** Supplied data follows **

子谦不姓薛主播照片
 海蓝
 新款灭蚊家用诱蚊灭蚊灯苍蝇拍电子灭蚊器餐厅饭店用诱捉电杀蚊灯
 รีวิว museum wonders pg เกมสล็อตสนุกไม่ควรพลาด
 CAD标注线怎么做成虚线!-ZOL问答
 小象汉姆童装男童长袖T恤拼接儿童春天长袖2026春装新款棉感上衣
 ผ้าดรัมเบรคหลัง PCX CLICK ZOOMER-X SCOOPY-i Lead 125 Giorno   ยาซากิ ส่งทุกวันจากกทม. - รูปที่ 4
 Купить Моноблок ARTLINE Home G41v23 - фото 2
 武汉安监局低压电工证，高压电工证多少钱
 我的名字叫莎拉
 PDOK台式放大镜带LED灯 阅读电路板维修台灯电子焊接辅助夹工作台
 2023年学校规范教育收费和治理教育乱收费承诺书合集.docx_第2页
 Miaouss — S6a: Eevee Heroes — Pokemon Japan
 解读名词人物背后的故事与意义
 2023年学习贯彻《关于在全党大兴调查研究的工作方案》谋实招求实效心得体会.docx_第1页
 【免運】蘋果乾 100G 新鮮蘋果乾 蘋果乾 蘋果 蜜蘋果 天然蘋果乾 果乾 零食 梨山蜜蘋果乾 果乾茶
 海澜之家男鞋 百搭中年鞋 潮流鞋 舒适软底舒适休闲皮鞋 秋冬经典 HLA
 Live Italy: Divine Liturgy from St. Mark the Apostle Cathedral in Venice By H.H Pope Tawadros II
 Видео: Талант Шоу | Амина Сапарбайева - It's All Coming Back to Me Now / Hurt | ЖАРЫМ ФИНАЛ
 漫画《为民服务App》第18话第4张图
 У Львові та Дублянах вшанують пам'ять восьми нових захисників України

** End of Supplied data **

- Work instruction
Write the listing out again so that nothing in it differs from the original.

- Answer to the problem
子谦不姓薛主播照片
 海蓝
 新款灭蚊家用诱蚊灭蚊灯苍蝇拍电子灭蚊器餐厅饭店用诱捉电杀蚊灯
 รีวิว museum wonders pg เกมสล็อตสนุกไม่ควรพลาด
 CAD标注线怎么做成虚线!-ZOL问答
 小象汉姆童装男童长袖T恤拼接儿童春天长袖2026春装新款棉感上衣
 ผ้าดรัมเบรคหลัง PCX CLICK ZOOMER-X SCOOPY-i Lead 125 Giorno   ยาซากิ ส่งทุกวันจากกทม. - รูปที่ 4
 Купить Моноблок ARTLINE Home G41v23 - фото 2
 武汉安监局低压电工证，高压电工证多少钱
 我的名字叫莎拉
 PDOK台式放大镜带LED灯 阅读电路板维修台灯电子焊接辅助夹工作台
 2023年学校规范教育收费和治理教育乱收费承诺书合集.docx_第2页
 Miaouss — S6a: Eevee Heroes — Pokemon Japan
 解读名词人物背后的故事与意义
 2023年学习贯彻《关于在全党大兴调查研究的工作方案》谋实招求实效心得体会.docx_第1页
 【免運】蘋果乾 100G 新鮮蘋果乾 蘋果乾 蘋果 蜜蘋果 天然蘋果乾 果乾 零食 梨山蜜蘋果乾 果乾茶
 海澜之家男鞋 百搭中年鞋 潮流鞋 舒适软底舒适休闲皮鞋 秋冬经典 HLA
 Live Italy: Divine Liturgy from St. Mark the Apostle Cathedral in Venice By H.H Pope Tawadros II
 Видео: Талант Шоу | Амина Сапарбайева - It's All Coming Back to Me Now / Hurt | ЖАРЫМ ФИНАЛ
 漫画《为民服务App》第18话第4张图
 У Львові та Дублянах вшанують пам'ять восьми нових захисників України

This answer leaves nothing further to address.